Interview mit Patrick Schäfer zum Shepherd Velox F1

Die Formel-Klasse erfreut sich immer weiterer Beliebtheit. Das bleibt auch bei Nitro-Herstellern nicht unbemerkt. Nun kommt mit dem Shepherd Velox F1 ein weiteres Modell auf den Markt. Was unterscheidet den Velox vom Rest im Formelfeld? Was treibt einen Hersteller, der bisher für hochwertige Nitro-Wettbewerbs-Modelle steht, in die Formel-Elektro-Szene? Wie erschafft man ein Elektro-Modell ohne einen Vorgänger zu haben? Fragen über Fragen, die wir versucht haben Patrick Schäfer, Konsrukteur und Inhaber von Shepherd Micro Racing, im Interview zu entlocken. Patrick ist Diplom-Ingenieur und bereits seit Ende der 80iger Jahre mit dem RC-Rennsport verbunden. Seit 1994 ist er fester Bestandteil der VG8-Szene.  Halten wir uns nicht länger mit Smalltalk auf, gehen wir in die Vollen! Zeit haben wir keine zu verlieren. Nicht auf der Strecke und auch nicht beim Informationen herauskitzeln! 🙂


mikanews:Wann kam die Idee, die Produktpalette um ein weiteres (Elektro-)Modell zu erweitern?

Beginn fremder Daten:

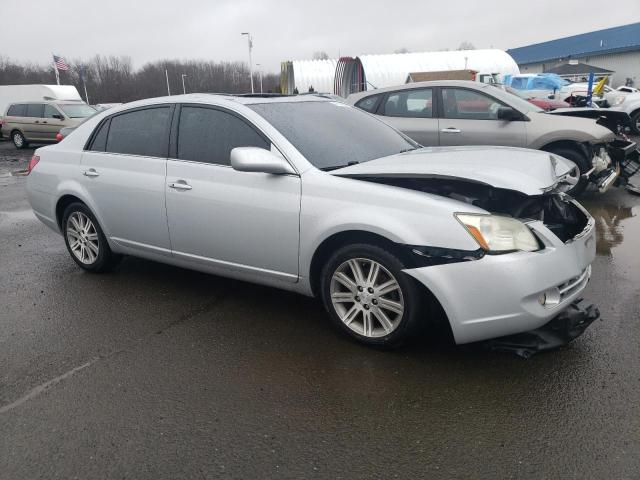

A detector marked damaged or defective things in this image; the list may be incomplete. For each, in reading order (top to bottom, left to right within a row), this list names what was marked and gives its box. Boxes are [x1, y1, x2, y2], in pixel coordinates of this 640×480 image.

crumpled hood [330, 148, 576, 197]
broken headlight [456, 212, 540, 253]
damaged bumper [404, 212, 596, 344]
damaged bumper [484, 298, 600, 358]
front-end collision damage [482, 298, 604, 358]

Patrick Schäfer: Die Idee für ein weiteres Elektro-Modell hatten wir Anfang 2015. Naturgemäß ist  im Nitro-Bereich in den Wintermonaten ein deutlicher Umsatzrückgang zu verzeichnen, obwohl wir durch unser weltweites Vertriebsnetzwerk auch viele Kunden haben, die das ganze Jahr fahren können. Ein Elektro-Modell für den Winter schien uns da der richtige Schritt zu sein.


mikanews: Wann wurde mit den Planungen für ein neues Chassis von Shepherd begonnen?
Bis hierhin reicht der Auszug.